#### Problem details
In the listing below, find the line with "Batoh Armada Devo 32L Backpack Shadow" and the line with "Photo of Bedroom in Ocean Beach". Repeat those two lines and all lines between them exactly.
Exercise data Block Start
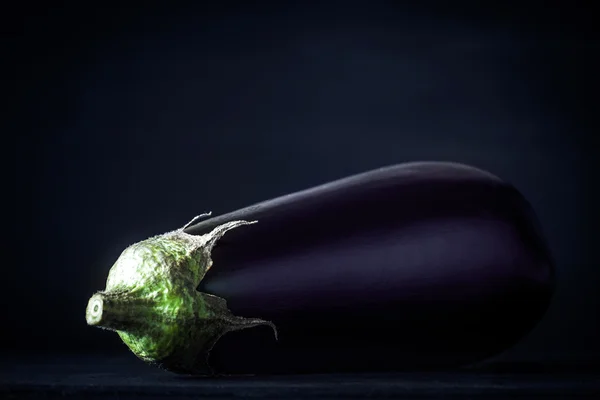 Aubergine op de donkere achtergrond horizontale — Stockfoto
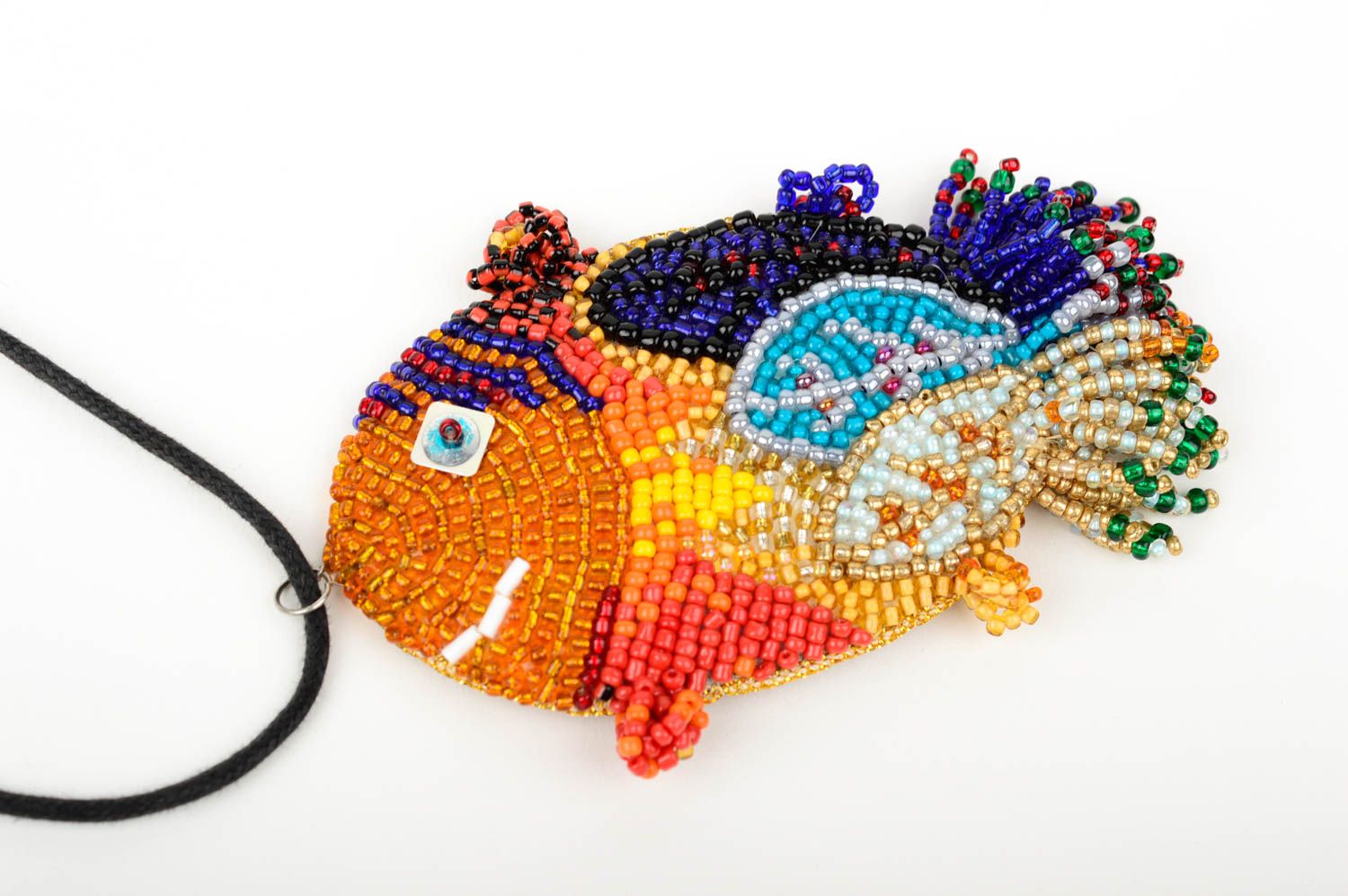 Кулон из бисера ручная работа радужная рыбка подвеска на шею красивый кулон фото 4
Exercise data Block End
Exercise data Block Start
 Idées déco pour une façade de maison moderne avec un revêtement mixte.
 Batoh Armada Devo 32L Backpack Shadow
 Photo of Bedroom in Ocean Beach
Exercise data Block End
#### Response area
 Batoh Armada Devo 32L Backpack Shadow
 Photo of Bedroom in Ocean Beach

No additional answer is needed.